Biden Praises Turkey’s Erdogan for Having the ‘Courage’ to Stop Blocking Sweden from NATO

Turkey's President Recep Tayyip Erdogan (L) and US President Joe Biden shake hands at
GABRIEL BOUYS/AFP via Getty Images

President Joe Biden met with Turkish President Recep Tayyip Erdogan on the sidelines of the NATO summit in Vilnius, Lithuania on Tuesday and praised the authoritarian Turkish leader for having the “courage” to stop blocking Sweden from joining the alliance.

Erdogan’s poor record on human rights and dodgy re-election campaign did not appear in Biden’s fawning remarks.

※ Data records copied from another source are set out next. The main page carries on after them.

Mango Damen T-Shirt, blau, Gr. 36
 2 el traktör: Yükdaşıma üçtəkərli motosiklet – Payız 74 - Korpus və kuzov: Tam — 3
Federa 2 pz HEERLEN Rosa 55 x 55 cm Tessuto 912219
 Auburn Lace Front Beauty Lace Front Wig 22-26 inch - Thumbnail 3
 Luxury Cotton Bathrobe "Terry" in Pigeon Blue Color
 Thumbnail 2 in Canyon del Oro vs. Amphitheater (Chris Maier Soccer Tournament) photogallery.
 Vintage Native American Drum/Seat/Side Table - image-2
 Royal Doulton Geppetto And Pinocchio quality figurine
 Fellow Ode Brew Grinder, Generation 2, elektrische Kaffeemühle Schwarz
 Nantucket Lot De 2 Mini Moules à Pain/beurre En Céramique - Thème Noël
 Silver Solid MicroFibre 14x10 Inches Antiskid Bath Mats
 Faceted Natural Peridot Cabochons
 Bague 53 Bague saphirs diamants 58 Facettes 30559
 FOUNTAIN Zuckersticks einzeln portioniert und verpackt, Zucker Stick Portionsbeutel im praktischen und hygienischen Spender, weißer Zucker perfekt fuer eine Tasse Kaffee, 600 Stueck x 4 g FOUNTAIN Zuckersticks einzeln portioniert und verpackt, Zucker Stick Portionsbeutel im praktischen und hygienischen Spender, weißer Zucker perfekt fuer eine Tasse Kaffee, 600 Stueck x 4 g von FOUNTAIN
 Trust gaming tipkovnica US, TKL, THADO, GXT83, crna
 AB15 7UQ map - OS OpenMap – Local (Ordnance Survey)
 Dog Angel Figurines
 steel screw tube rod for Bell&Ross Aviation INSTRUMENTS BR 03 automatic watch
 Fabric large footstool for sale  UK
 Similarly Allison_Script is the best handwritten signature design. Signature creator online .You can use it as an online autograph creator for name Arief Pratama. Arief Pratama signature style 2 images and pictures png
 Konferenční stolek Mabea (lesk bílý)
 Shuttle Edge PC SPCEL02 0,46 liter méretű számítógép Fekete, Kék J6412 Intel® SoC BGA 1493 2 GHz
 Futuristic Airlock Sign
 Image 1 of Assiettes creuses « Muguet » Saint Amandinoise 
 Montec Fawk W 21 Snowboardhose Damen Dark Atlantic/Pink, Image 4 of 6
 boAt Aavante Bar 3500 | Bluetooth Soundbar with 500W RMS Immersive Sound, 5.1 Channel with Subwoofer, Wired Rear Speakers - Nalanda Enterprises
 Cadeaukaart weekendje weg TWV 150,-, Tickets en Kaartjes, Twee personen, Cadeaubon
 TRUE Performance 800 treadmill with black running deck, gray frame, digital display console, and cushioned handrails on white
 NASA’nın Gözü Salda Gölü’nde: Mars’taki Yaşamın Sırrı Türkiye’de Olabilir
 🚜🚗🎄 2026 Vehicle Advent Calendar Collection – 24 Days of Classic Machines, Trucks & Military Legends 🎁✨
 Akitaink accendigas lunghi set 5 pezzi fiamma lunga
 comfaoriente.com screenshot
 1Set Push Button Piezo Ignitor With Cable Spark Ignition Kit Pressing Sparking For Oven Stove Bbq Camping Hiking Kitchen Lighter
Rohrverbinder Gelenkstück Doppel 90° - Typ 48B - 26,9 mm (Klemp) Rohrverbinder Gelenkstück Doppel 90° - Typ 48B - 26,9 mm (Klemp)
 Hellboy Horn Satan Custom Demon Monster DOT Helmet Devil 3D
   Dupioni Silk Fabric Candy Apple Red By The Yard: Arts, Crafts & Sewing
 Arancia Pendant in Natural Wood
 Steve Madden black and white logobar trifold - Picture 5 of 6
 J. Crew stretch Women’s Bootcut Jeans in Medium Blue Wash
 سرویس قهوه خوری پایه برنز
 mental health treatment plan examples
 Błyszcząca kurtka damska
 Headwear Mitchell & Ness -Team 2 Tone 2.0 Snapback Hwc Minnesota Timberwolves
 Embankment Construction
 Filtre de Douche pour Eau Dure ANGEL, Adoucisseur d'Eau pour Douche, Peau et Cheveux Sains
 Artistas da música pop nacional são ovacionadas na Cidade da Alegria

U.S. President Joe Biden (R) and Turkey’s President Recep Tayyip Erdogan hold bilateral talks the NATO Summit in Vilnius on July 11, 2023. (ANDREW CABALLERO-REYNOLDS/AFP via Getty Images)

“Mr. President, it’s good to see you again. It’s a delight to be with you, and, you know, we’re in this historic meeting, resolving a lot of things, I hope. And we made it all the more historic by the agreement you reached yesterday in the admission of Sweden and how you’re going to proceed,” Biden told Erdogan during their hour-long meeting in Vilnius.

“Thank you for your diplomacy and courage, and how you took that on. And I want to thank you for your leadership. Mr. President, this summit is reaffirming our commitment to NATO, and the NATO defense and allies in NATO and I hope we can make it even stronger,” Biden gushed.

Biden told Erdogan he looks forward to meeting with him again over “the next five years,” which would presume Biden wins re-election. Erdogan recently won his own re-election bid with questionable tactics and began his third decade of increasingly authoritarian rule.

Contrary to Biden’s praise, there was not a whiff of “courage” about anything the iron-fisted ruler of Turkey did with respect to Sweden. Erdogan certainly is not worried about angering the Turkish public by being too nice to the Swedes. He is secure in power for years to come.

Erdogan stubbornly opposed allowing Sweden into NATO since late last year, largely because Sweden refused to crack down on demonstrations against the Turkish government by outlawed and exiled Kurdish groups, prominently including the Kurdistan Workers’ Party (PKK).

In May, the PKK and its supporters in Sweden enraged the Turkish government by projecting a PKK flag onto the Swedish Parliament building while the Turkish election was in progress.

“It is completely unacceptable that PKK terrorists continue to act freely in Sweden, which is a candidate for NATO. We expect the Swedish authorities to investigate this incident and hold its perpetrators accountable,” an Erdogan spokesman thundered at the time.

In June, Sweden agreed to extradite a self-proclaimed PKK supporter and Turkish national living in Sweden to face decade-old drug charges, a move widely seen as an effort to mollify Erdogan. The Turkish president remained largely unmollified until this week.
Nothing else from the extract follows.